Activity |
Could you reproduce, word for word, everything below from the line containing "Xiaan Jiaju Boho" down to the line containing "red minnie mouse", with both of those lines included and no others?

Available data |

Segment Open

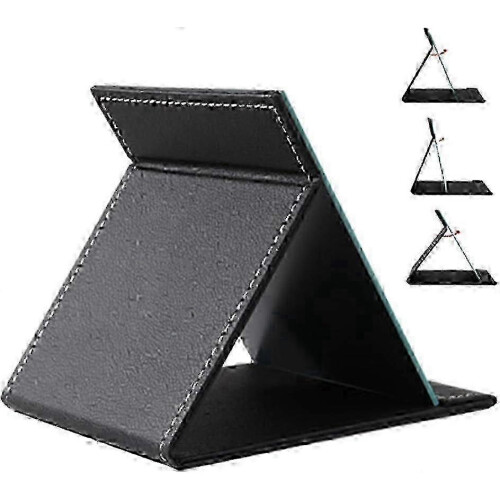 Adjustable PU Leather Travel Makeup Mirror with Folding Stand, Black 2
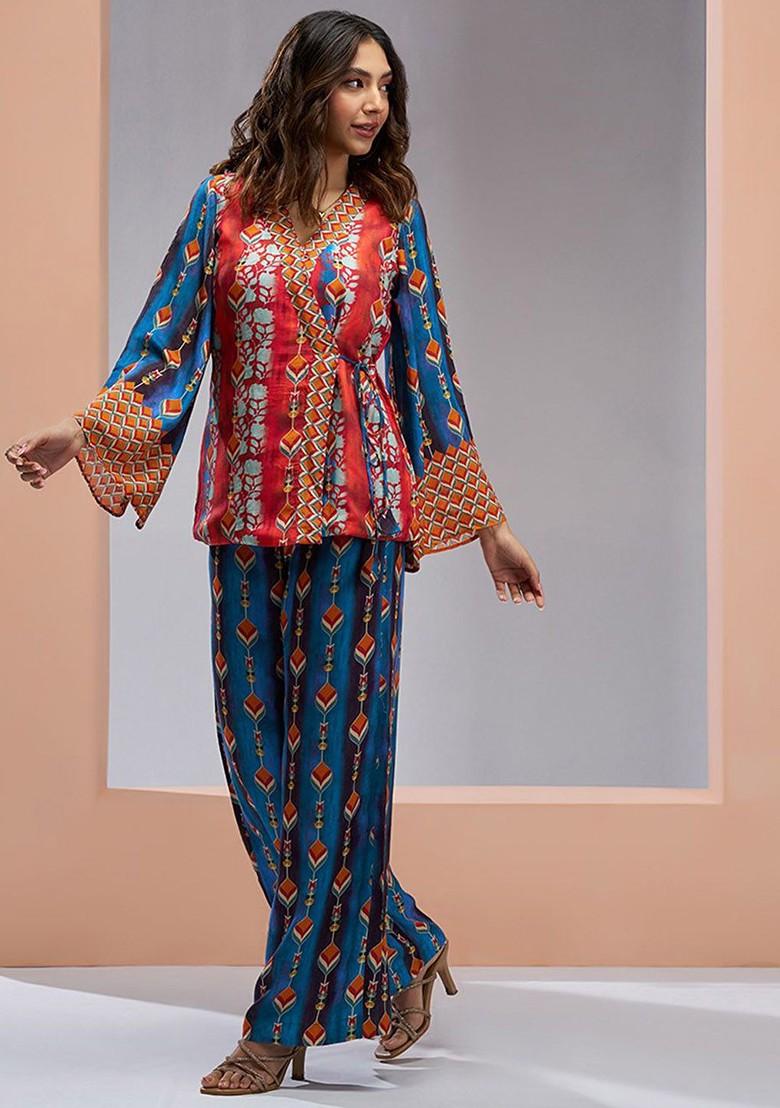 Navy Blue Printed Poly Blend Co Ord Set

Segment Closed
Segment Open

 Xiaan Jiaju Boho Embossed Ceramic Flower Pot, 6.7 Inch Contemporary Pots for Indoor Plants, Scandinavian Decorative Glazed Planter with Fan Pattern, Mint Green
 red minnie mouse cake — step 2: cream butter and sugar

Segment Closed

Answer for the task |
 Xiaan Jiaju Boho Embossed Ceramic Flower Pot, 6.7 Inch Contemporary Pots for Indoor Plants, Scandinavian Decorative Glazed Planter with Fan Pattern, Mint Green
 red minnie mouse cake — step 2: cream butter and sugar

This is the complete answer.